▸ Problem statement
Copy out every line of the data exactly; do not include the images.

▸ Records to process
· · · ·

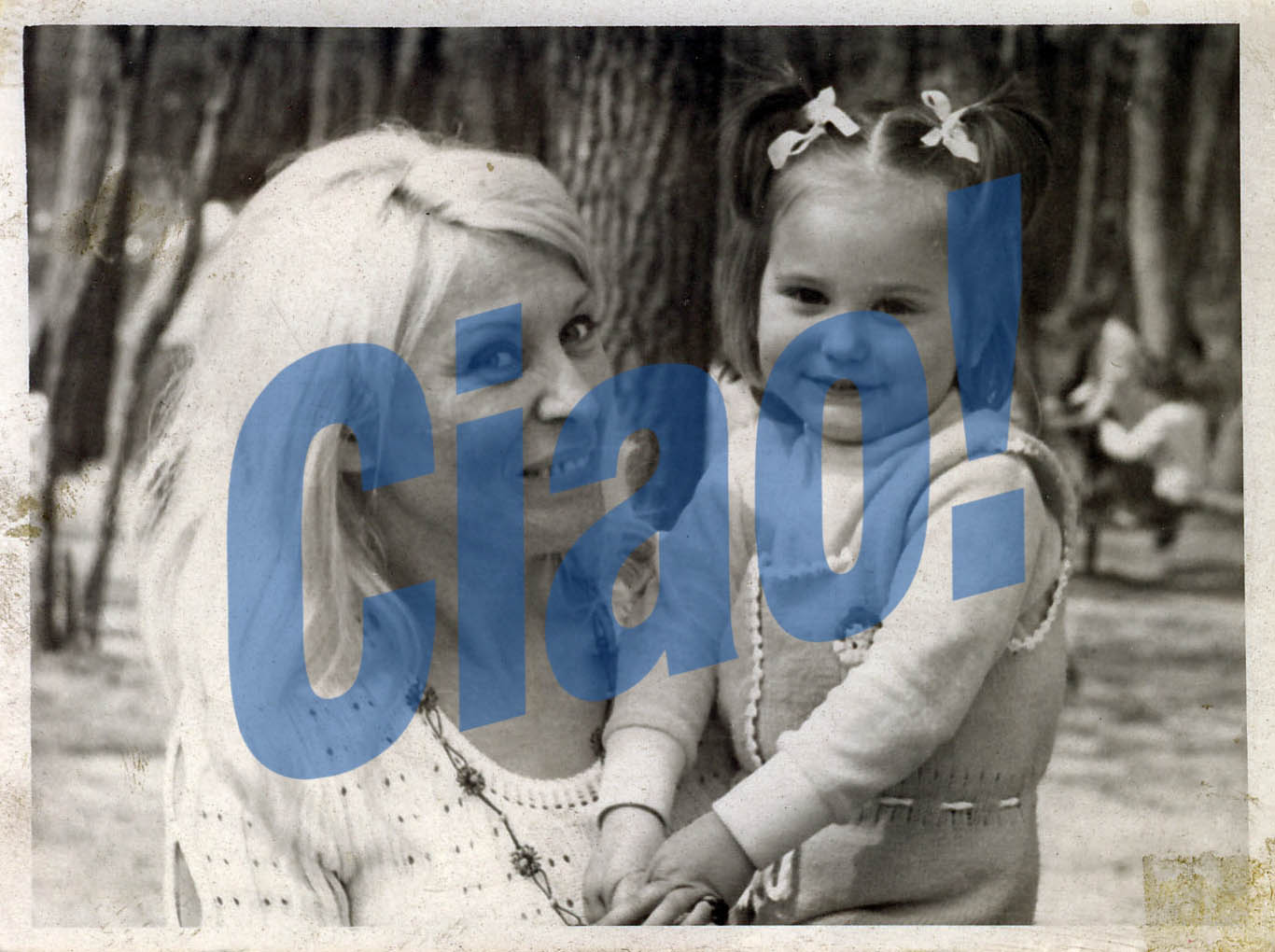 Andreea Esca in bratele mamei ei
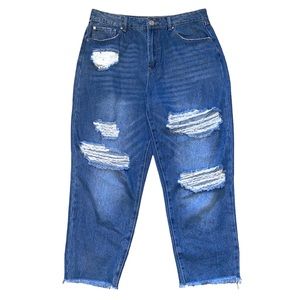 Forever 21 Distressed Cropped Boyfriend Jeans Pants Size 30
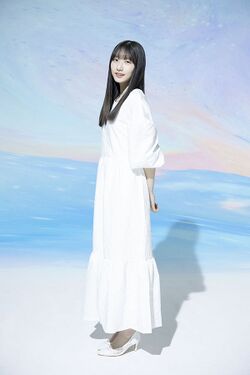 2024年夏霞プロフィール全身写真 早﨑すずき.jpg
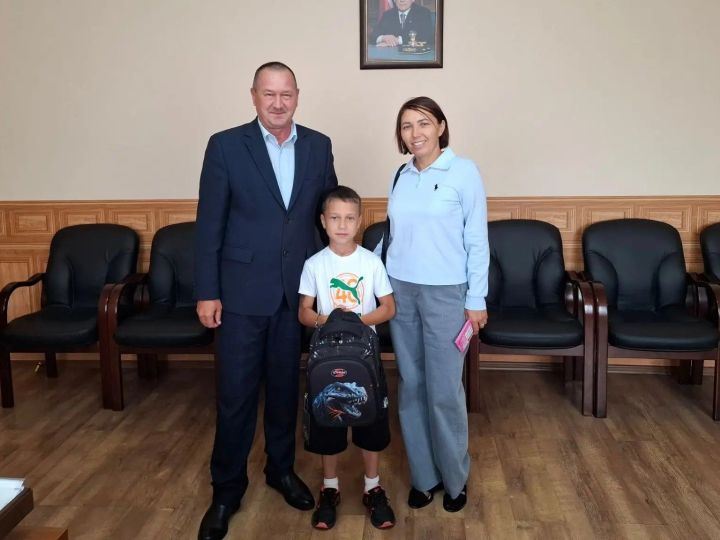 Нурлатта Әсгать Габдуллин булачак мәктәп укучысына рюкзак бүләк итте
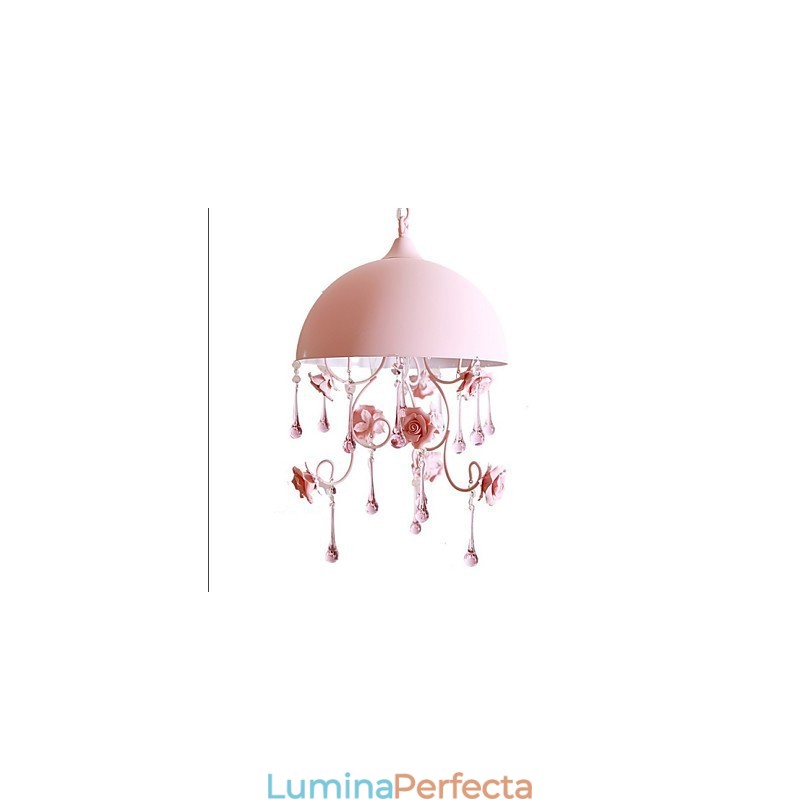 Un mic candelabru de grădină cu trandafiri roz, prințesă de fier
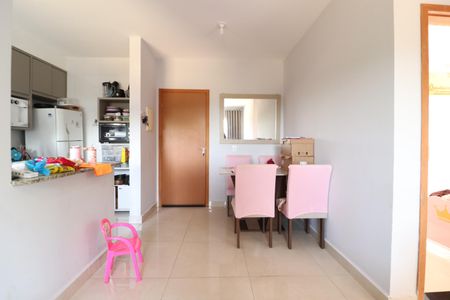 Sala de apartamento para alugar com 2 quartos, 49m² em Dona Zulmira, Uberlândia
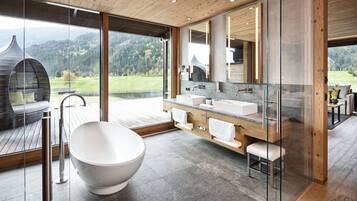 Exclusive-Penthouse, 1 King-Bett und Schlafsofa, Blick auf den Golfplatz (Sauna) | Badezimmer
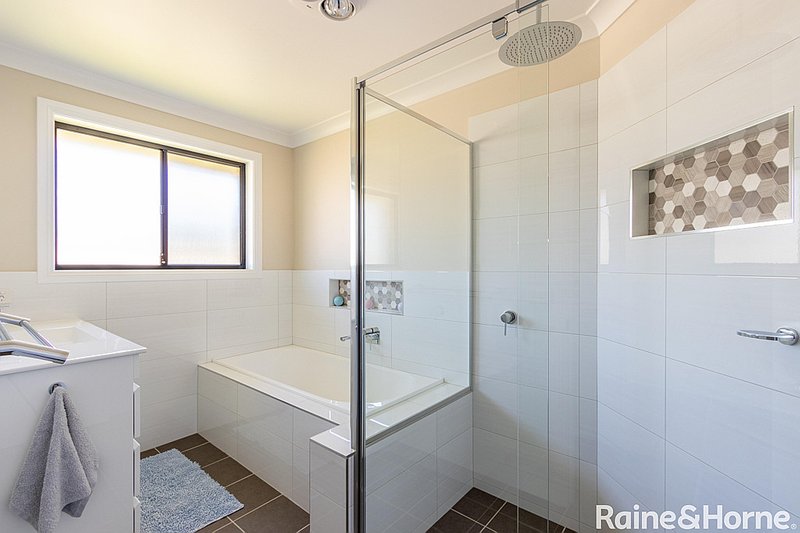 Photo - 3A Cheviot Drive, Kelso NSW 2795 - Image 17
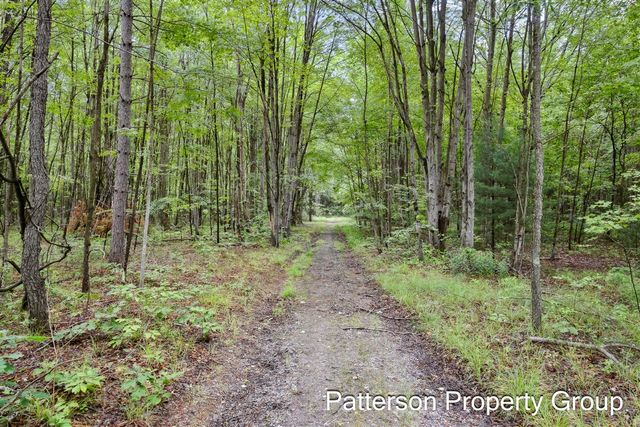 6825 Heights Ravenna Road, Fruitport, MI 49415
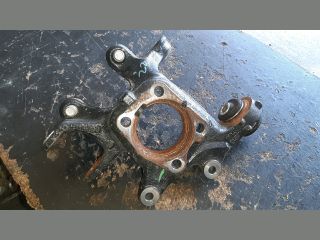 bontott TOYOTA AURIS Jobb hátsó Csonkállvány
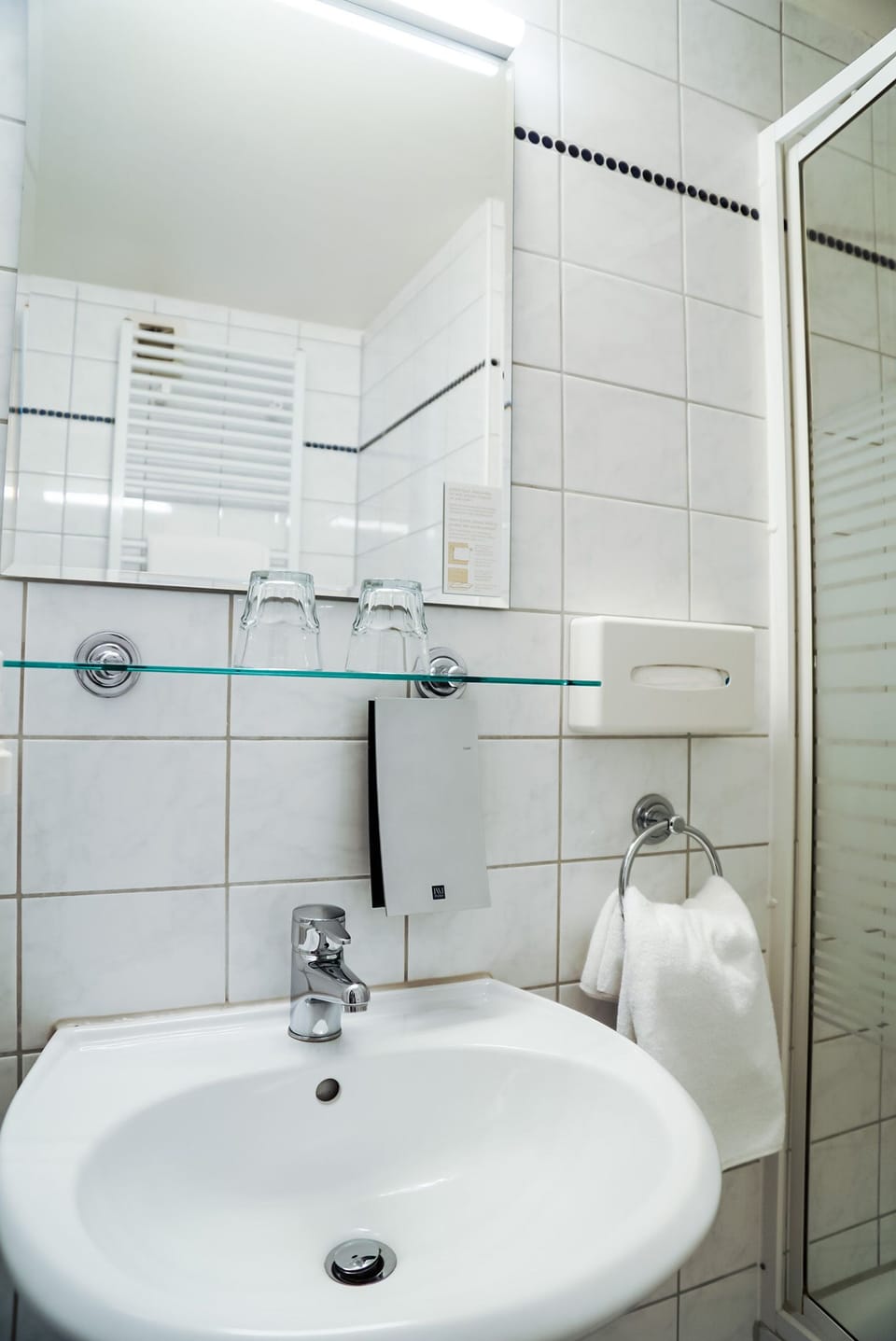 Bathroom sink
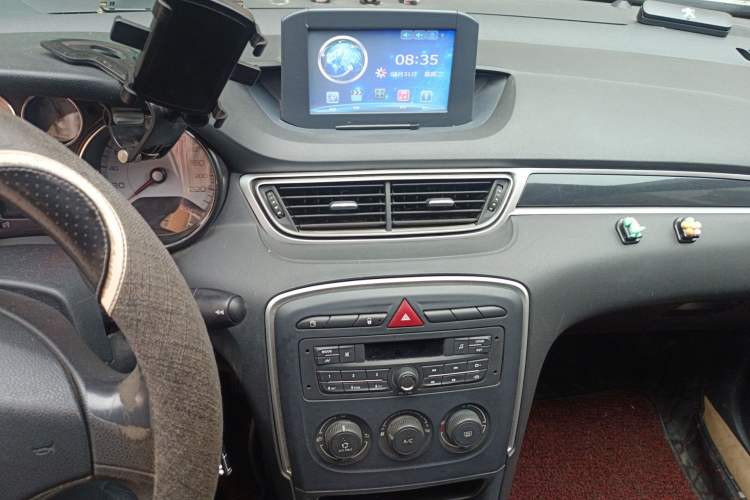 Used Peugeot 308 2014 Enjoy Edition Classic 1.6L Automatic Premium Model Audio And AC Panel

· · · ·

▸ Response for this exercise
 Andreea Esca in bratele mamei ei
 Forever 21 Distressed Cropped Boyfriend Jeans Pants Size 30
 2024年夏霞プロフィール全身写真 早﨑すずき.jpg
 Нурлатта Әсгать Габдуллин булачак мәктәп укучысына рюкзак бүләк итте
 Un mic candelabru de grădină cu trandafiri roz, prințesă de fier
 Sala de apartamento para alugar com 2 quartos, 49m² em Dona Zulmira, Uberlândia
 Exclusive-Penthouse, 1 King-Bett und Schlafsofa, Blick auf den Golfplatz (Sauna) | Badezimmer
 Photo - 3A Cheviot Drive, Kelso NSW 2795 - Image 17
 6825 Heights Ravenna Road, Fruitport, MI 49415
 bontott TOYOTA AURIS Jobb hátsó Csonkállvány
 Bathroom sink
 Used Peugeot 308 2014 Enjoy Edition Classic 1.6L Automatic Premium Model Audio And AC Panel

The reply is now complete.